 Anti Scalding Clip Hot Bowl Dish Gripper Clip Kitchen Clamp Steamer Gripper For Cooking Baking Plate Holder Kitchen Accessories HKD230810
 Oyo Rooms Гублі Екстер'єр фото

--

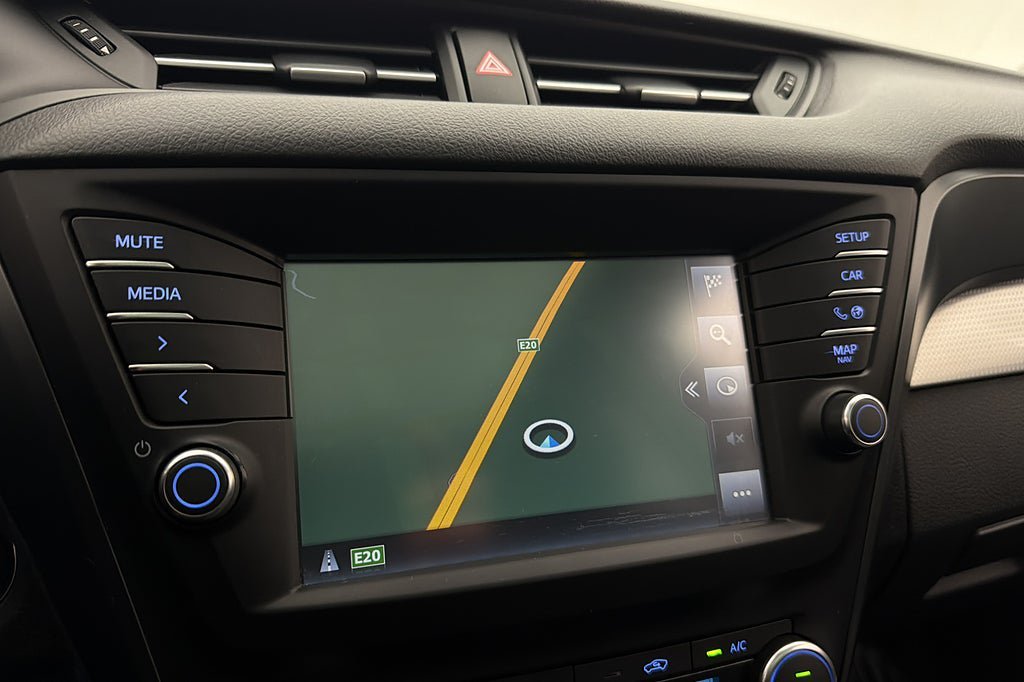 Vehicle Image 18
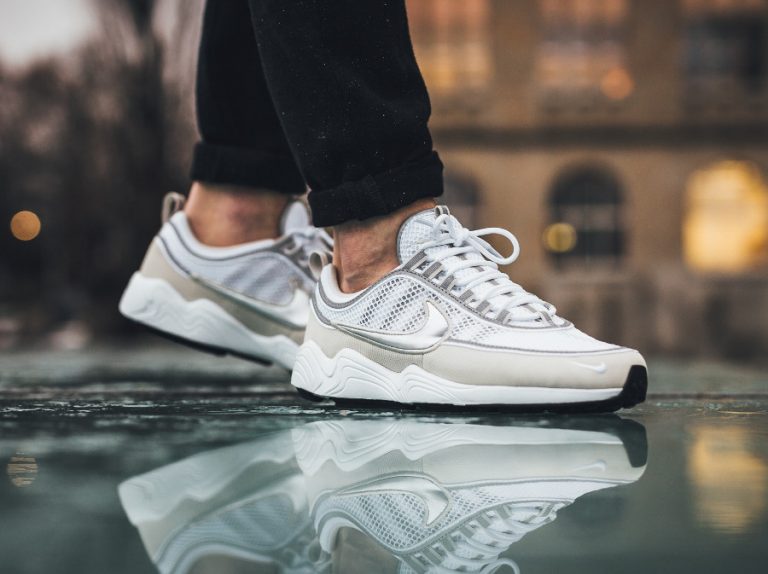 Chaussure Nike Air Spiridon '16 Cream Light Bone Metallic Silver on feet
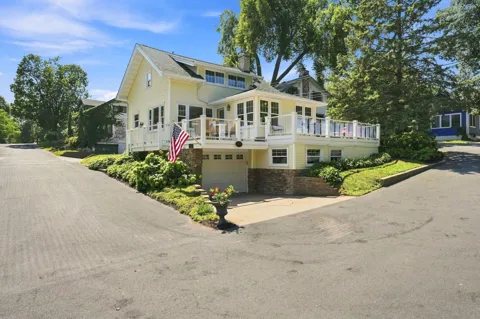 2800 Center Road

--

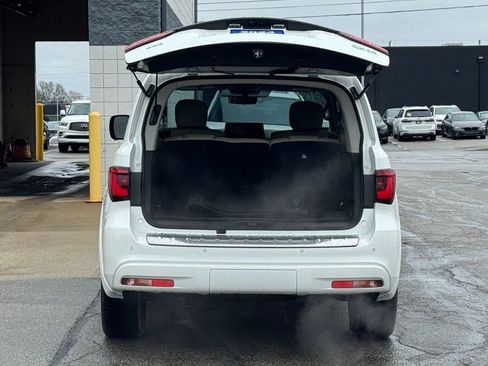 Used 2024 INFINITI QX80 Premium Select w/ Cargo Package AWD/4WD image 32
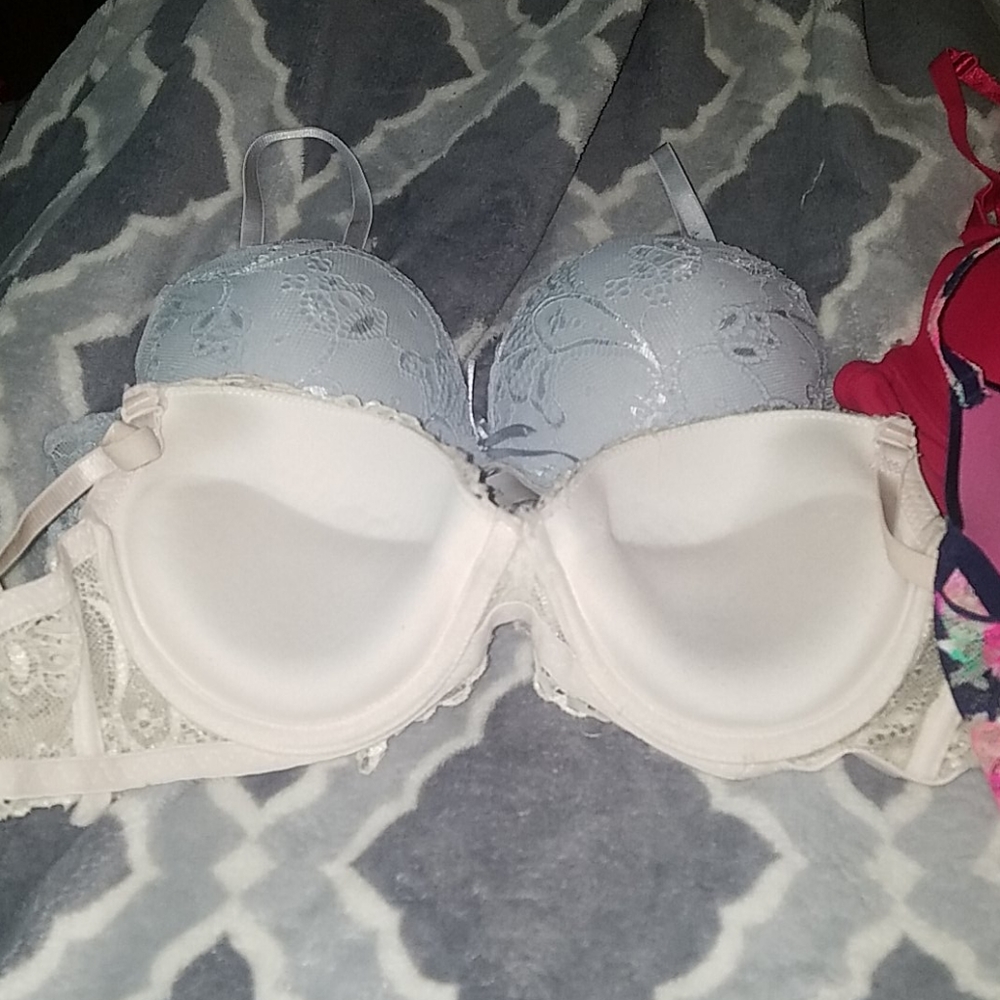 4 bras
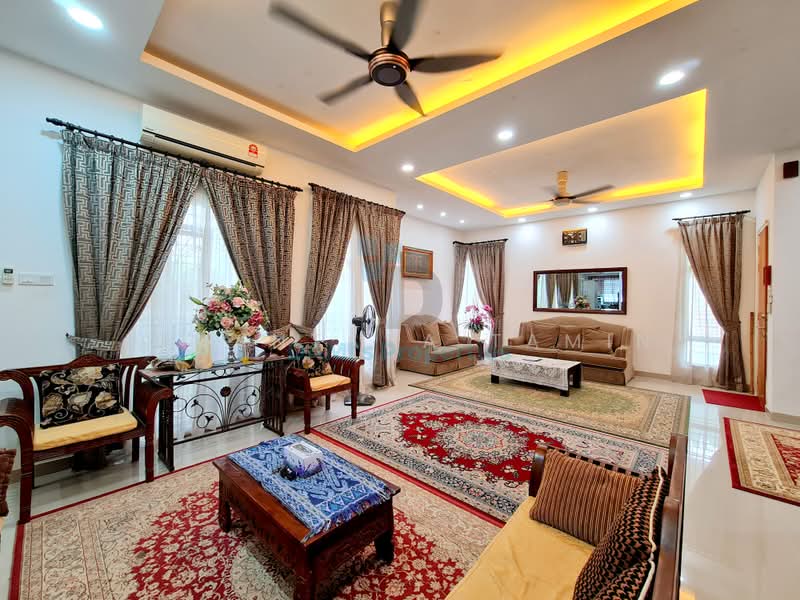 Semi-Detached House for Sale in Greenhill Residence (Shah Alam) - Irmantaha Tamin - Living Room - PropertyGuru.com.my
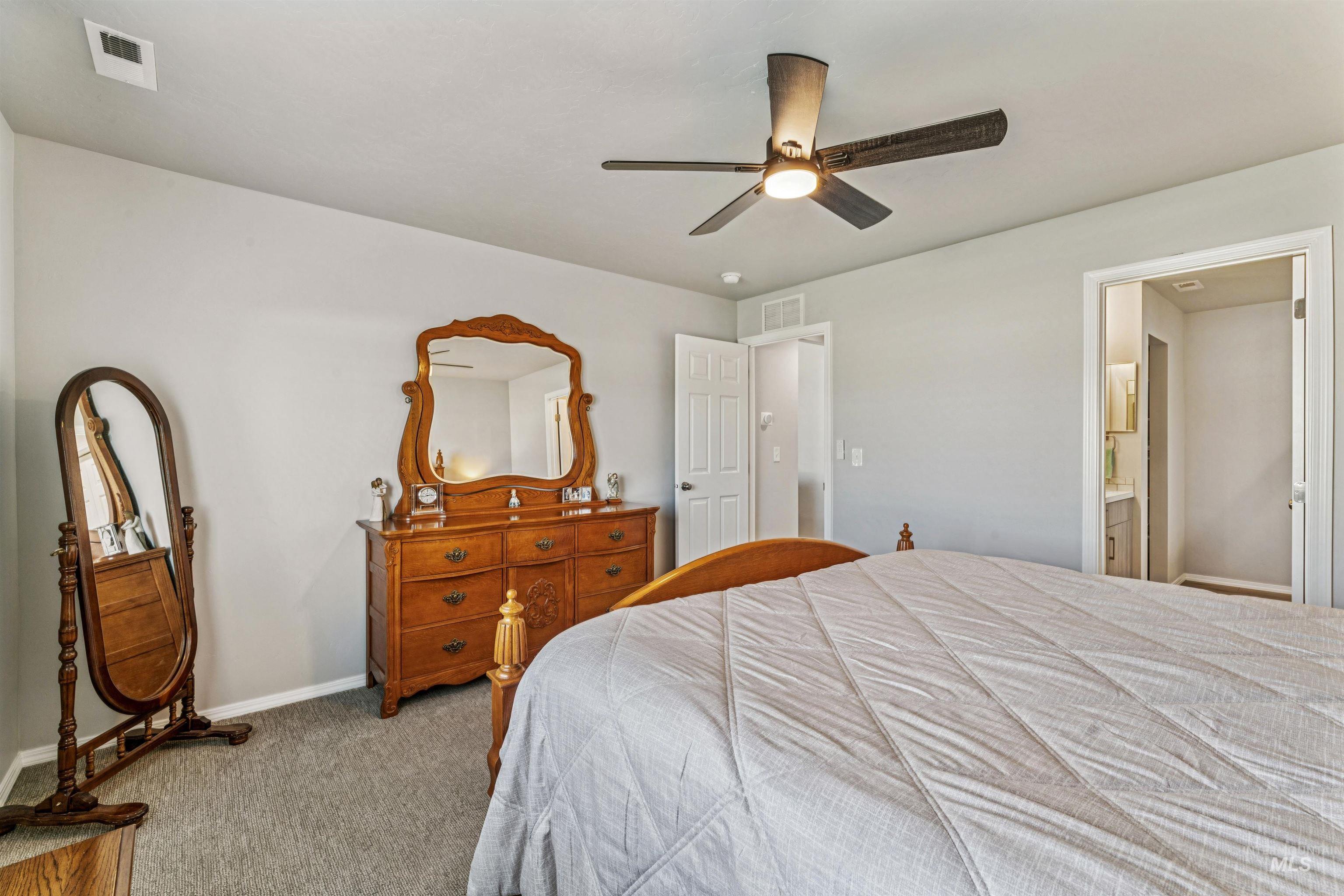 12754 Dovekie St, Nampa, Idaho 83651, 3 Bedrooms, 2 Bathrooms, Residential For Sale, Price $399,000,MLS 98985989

AIM OF THE EXERCISE:
Above this task is a listing with pictures in it. Retype only the lines from the one containing "Semi-Detached House for" through the one containing "12754 Dovekie St, Nampa, Idaho", both included, and not the pictures.

ANSWER FOR THIS EXERCISE:
 Semi-Detached House for Sale in Greenhill Residence (Shah Alam) - Irmantaha Tamin - Living Room - PropertyGuru.com.my
 12754 Dovekie St, Nampa, Idaho 83651, 3 Bedrooms, 2 Bathrooms, Residential For Sale, Price $399,000,MLS 98985989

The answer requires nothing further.